Going to college can be very expensive. On top of tuition and fees, room and board, and transportation, students spend hundreds of dollars each year on textbooks. The average college student can expect to spend approximately $1240 each year on books and other supplies -- an average of $535 per semester. Especially for many who are managing finances alone for the first time, this cost may be overwhelming. Fortunately, there are lots of great resources that you can use to save hundreds of dollars on the textbooks you need.
Most students are directed to the on-campus bookstore to purchase the textbooks that they need. The problem is that this is probably the most expensive place to buy textbooks. Many students do not realize that there are alternative ways to find affordable (and free) textbooks online.
There is nothing more frustrating than spending $200 on a textbook that sits on a shelf and barely gets used during the semester. In some cases, professors develop their own materials that they prefer to leverage during the course. This allows them to tailor the lectures to their teaching style or specific focus of the course. Despite this, many universities require professors to select an official textbook whether they intend to use it or not. Before making a purchase, ask the professor if you will even need or use the textbook. You might get lucky enough to avoid the expense altogether.

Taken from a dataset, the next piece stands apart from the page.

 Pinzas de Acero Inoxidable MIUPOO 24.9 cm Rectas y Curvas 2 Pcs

Publishers are regularly making updates to their textbooks and releasing new editions. These changes are typically minor and do not greatly affect the content. Ask your professor if an older edition will suffice. If your professor agrees, you might be able to get the 7th edition for a 90 percent discount compared to the latest 8th edition.
A word of caution, the page numbers in older editions may vary slightly due to added or deleted content. If your professor assigns homework like a reading assignment or another exercise, you should confirm that you have the correct page numbers for the edition you purchased.

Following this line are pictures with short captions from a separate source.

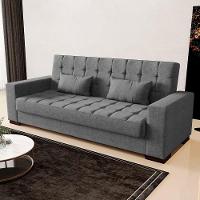Sofá Cama Para Sala De Estar Lisboa Linho Grafite - Ibiza - 2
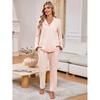 Womens Comfortable Lounge Set Long Sleeve Button-Up Top With Pocket Pants Casual Home Wear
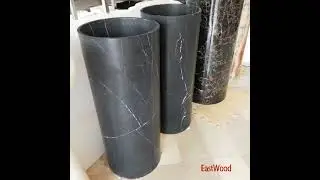 Honed black pedestal sink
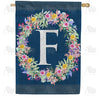 America Forever Floral Wreath Monogram Letter Monogram House Flag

There is an ongoing debate about the economics of renting vs buying textbooks. Renting can easily be cheaper than buying the book outright, however, some students have found buying more economical when they can resell the book to recover most/all of the original cost. Whether renting or buying, your savings are contingent upon shopping for a better price. Your campus bookstore is not the only resource for textbook rentals. Retailers like Amazon and Barnes & Noble offer competitive textbook rental rates that may be more effective than buying and reselling your book.

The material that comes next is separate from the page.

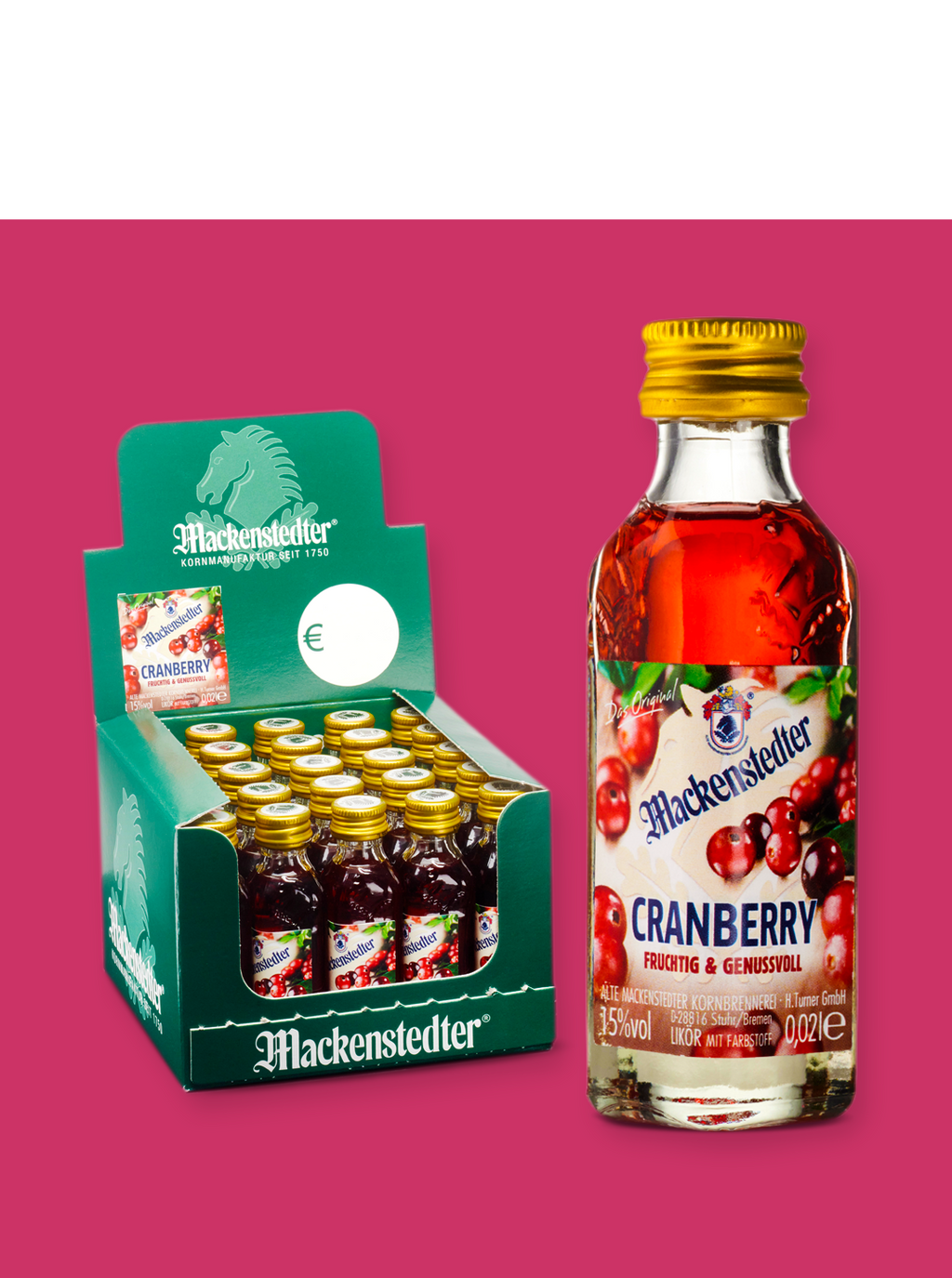 Das Foto einer Kleinflasche Cranberry (vergrößert) und einer 25er-Box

Publishers oftentimes create variations of their textbooks for international markets. The content in these textbooks is usually exactly the same. The primary difference is that the books are normally produced using cheaper materials such as paperback versus hardback or black and white print versus full color. Because of this, international editions can be purchased for about half the price of a domestically printed textbook. It may take a little bit of research to track down the international edition since the ISBN will be different. Online retailers understand this and will sometimes list the original textbook’s ISBN in the product description to help you find them easier.
If you do need to buy the current textbook edition, the best option is to purchase it used from another student. While the campus bookstore may have used versions, they are often overpriced compared to private sellers. If you know someone who recently completed the course, you can offer to buy it from them. This is a great option since you do not have to pay shipping charges. If you can not find a local seller, there are great online retailers to buy used textbooks such as bookfinder.com, Craigslist, Facebook Marketplace, Amazon, and eBay.
Some universities provide free access to certain textbooks. Open access textbooks are licensed under a special agreement with the publisher to provide free or discounted access to students and members of faculty. These textbooks typically come in an ebook format, but low-cost printed versions are occasionally made available. Be sure to ask your professor if there is an open-access version of your course textbook. You can also check out COM Library which has a comprehensive list of various websites with open-access textbooks.
Unless your textbook is a solid reference guide for your chosen field, it is highly unlikely that you will open it again after the course ends. With this in mind, you should plan to sell your textbook to someone else. This allows you to recoup some of your expenses and also help another student secure a discounted textbook.
Remember that once a new edition is released, your textbook will lose most of its value. The sooner you sell your textbook, the better your chance of getting the highest selling price. Other students in your class will likely have the same idea. For best results, try to lock down a buyer a week or two before the end of the semester.